Does it seem like almost everything is a “big data” problem right now? And nearly every vendor is offering big data or big analytics solutions? Is big analytics more important than big data? And what is the difference? I've encountered this confusion in the market a lot over the last year as I’ve traveled the globe talking to business and government leaders about big data.
In the process of explaining the market to others, I've come up with a clearer way to understand the landscape. This explanation has helped a lot of businesses understand what type of analytic problems they actually have, and sometimes it helps them see that their problems are more of the big analytics variety instead of the standard issue of big data alone.

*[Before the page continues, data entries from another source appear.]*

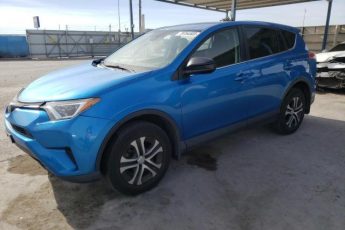 JTMBFREV6JJ254565 | 2018 TOYOTA RAV4 LE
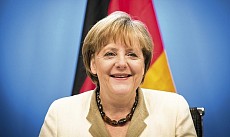 Мирзиеев поздравил Меркель с избранием канцлером Германии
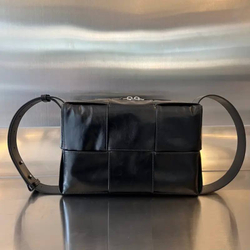 Сумка Bottega Veneta Arco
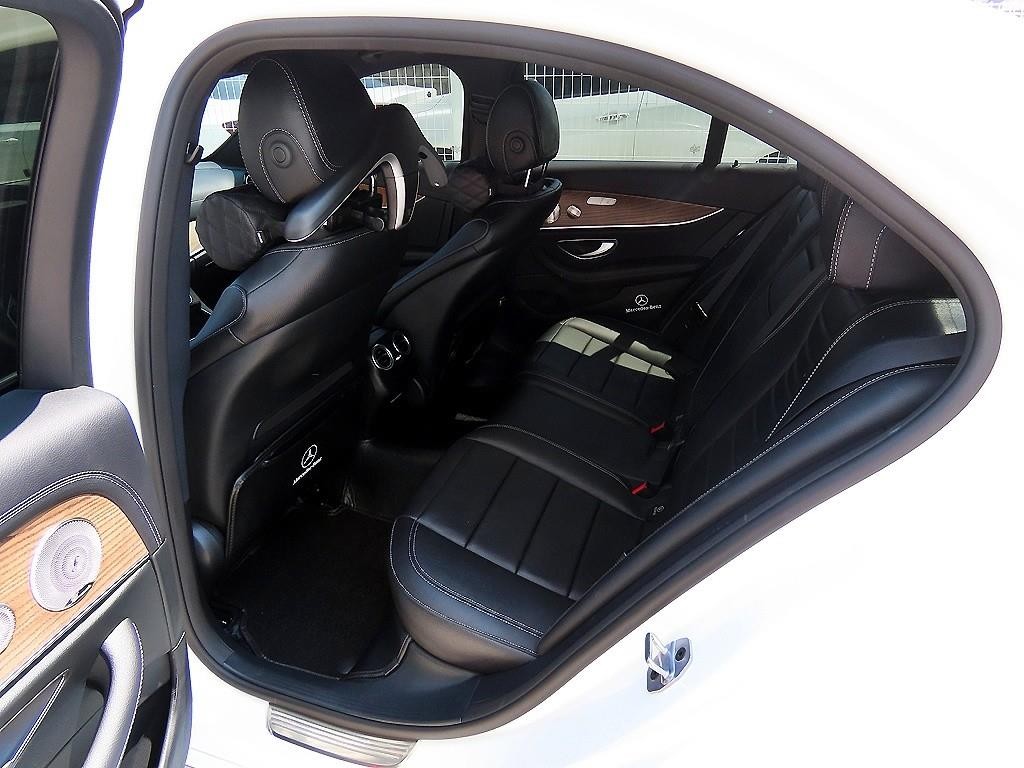 벤츠 E 클래스 E-클래스 W213 E220d 4MATIC 익스클루시브 이미지 6
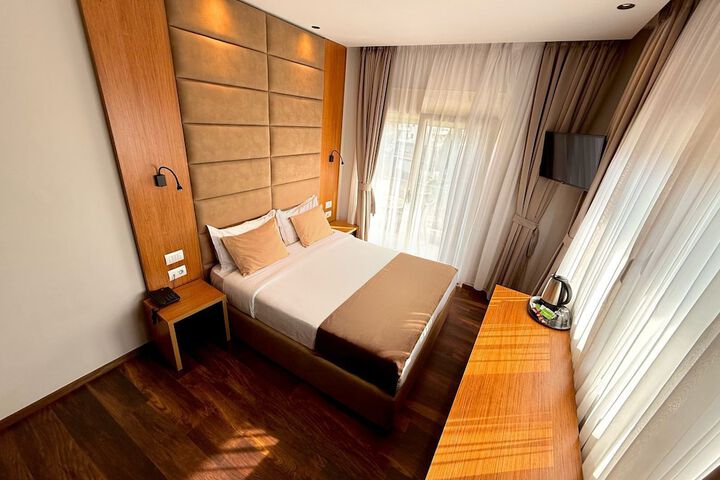 Room 50 of 117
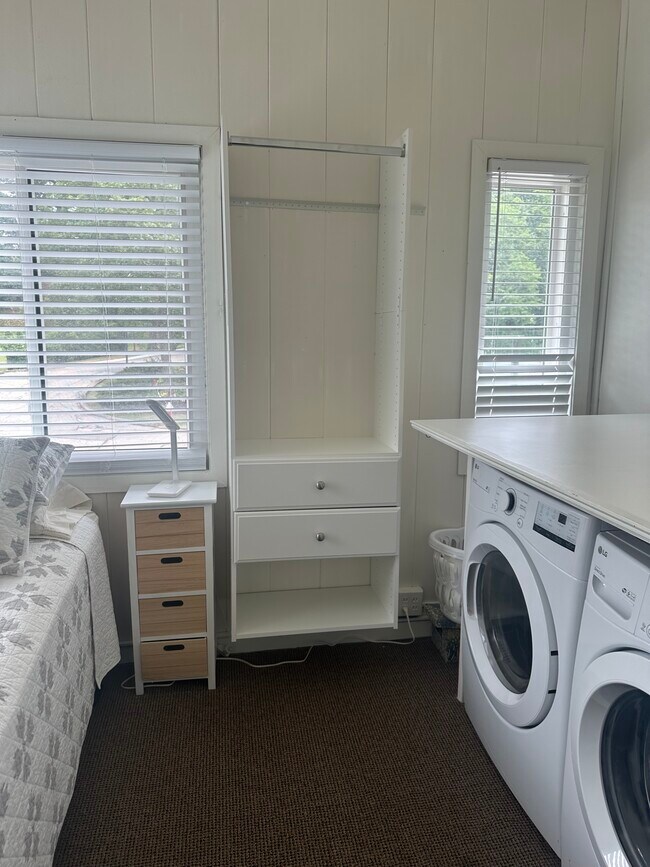 Building Photo - 852 Beach Rd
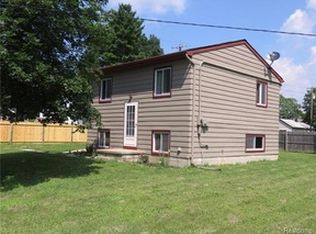121 E Walnut St, Webberville, MI 48892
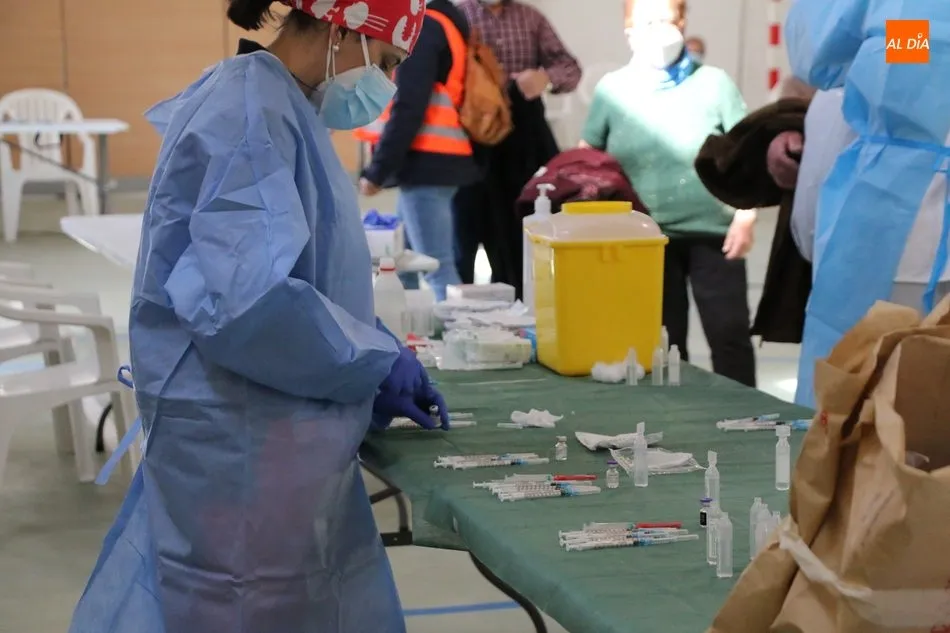 Foto 8 - Nueva jornada de vacunaci&oacute;n en Arribes con 282 dosis de Pfizer administradas en Vitigudino,...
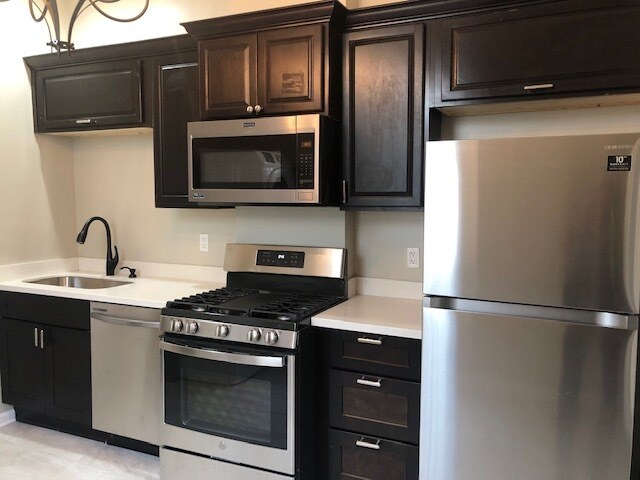 Kitchen - 2021 Jackson Ave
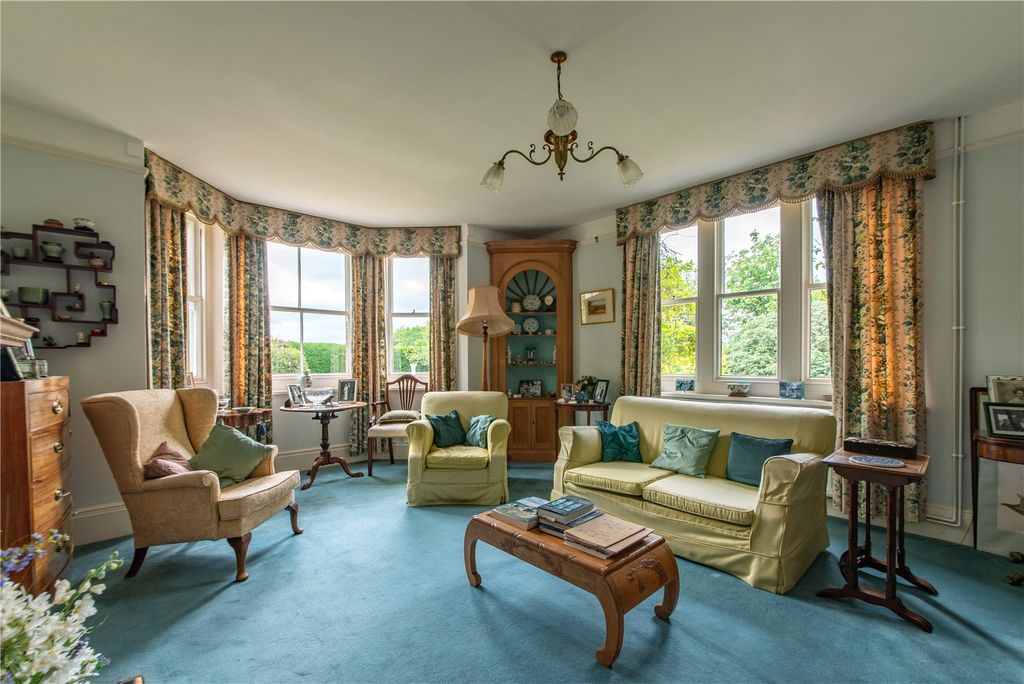 Property photo 2 of 24 Sitting Room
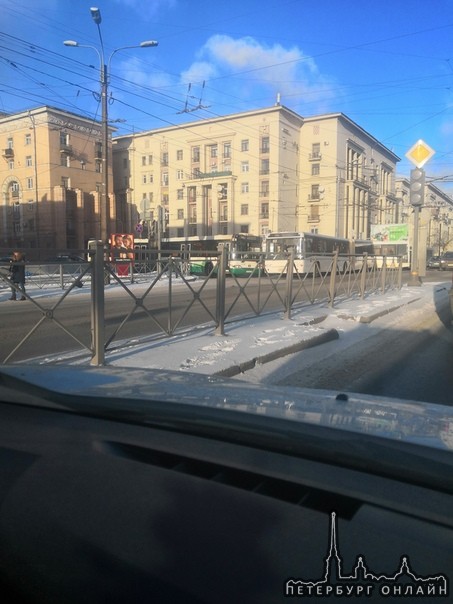 Ивановская - Седова на перекрёстке 2 автобуса не поделили дорогу.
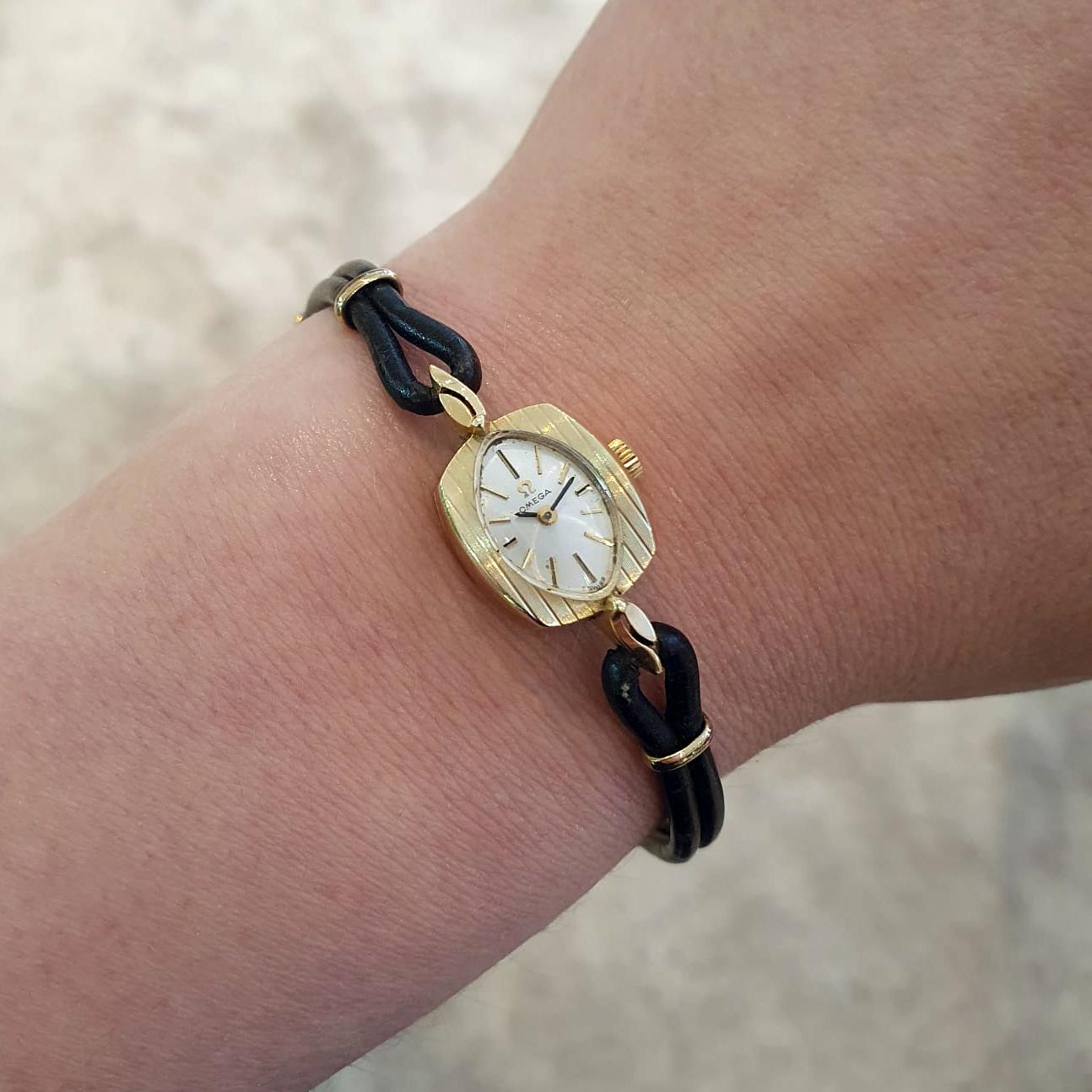 Orologio da polso Omega Cocktail Gold in vendita 6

Sometimes, for example, you don’t have that much data but it’s still taking you five hours to run a marketing optimization job because of the number of possible offers. There really aren’t a lot of records but you have to do multiple passes on the data, running complex algorithms with each step. That’s a big analytics problem and not just a big data problem.
Let’s dig into those differences a bit further.
Our first step is to revisit the distinction we’ve made over the years between reactive and proactive analytics. Standard business reports, ad hoc reports, OLAP and even alerts and notifications based on analytics are in the reactive category. Now, reactive analytics can still be very useful. They’re required for a lot of finance and regulatory reporting, and they help business users perform ad hoc analysis every day, but they are ultimately informing you about the past.
Proactive analytics like optimization, predictive modeling, forecasting and statistical analysis, however, are forward looking. They allow you to identify trends, spot weaknesses or determine conditions for making decisions about the future. They include optimization of complex problems with many dependencies, predictive modeling, regression analysis and other advanced methods for proactive decision making.

FIGURE 1: Reactive and proactive analytics
The next thing we need to define is big data. Put simply, when you have exceeded the capacity of conventional database systems, you’re dealing with big data. Before that, it’s what I like to call “growing data." It is still a large amount of data but it hasn’t hit the limitations seen with big data.
Today, we can store lots and lots of data but processing times have become excessive because traditional storage environments are not conducive for proactive analytics. When you have reached a point where processing times become unacceptable, you may be dealing with big data sizes but you may also be dealing with big analytics.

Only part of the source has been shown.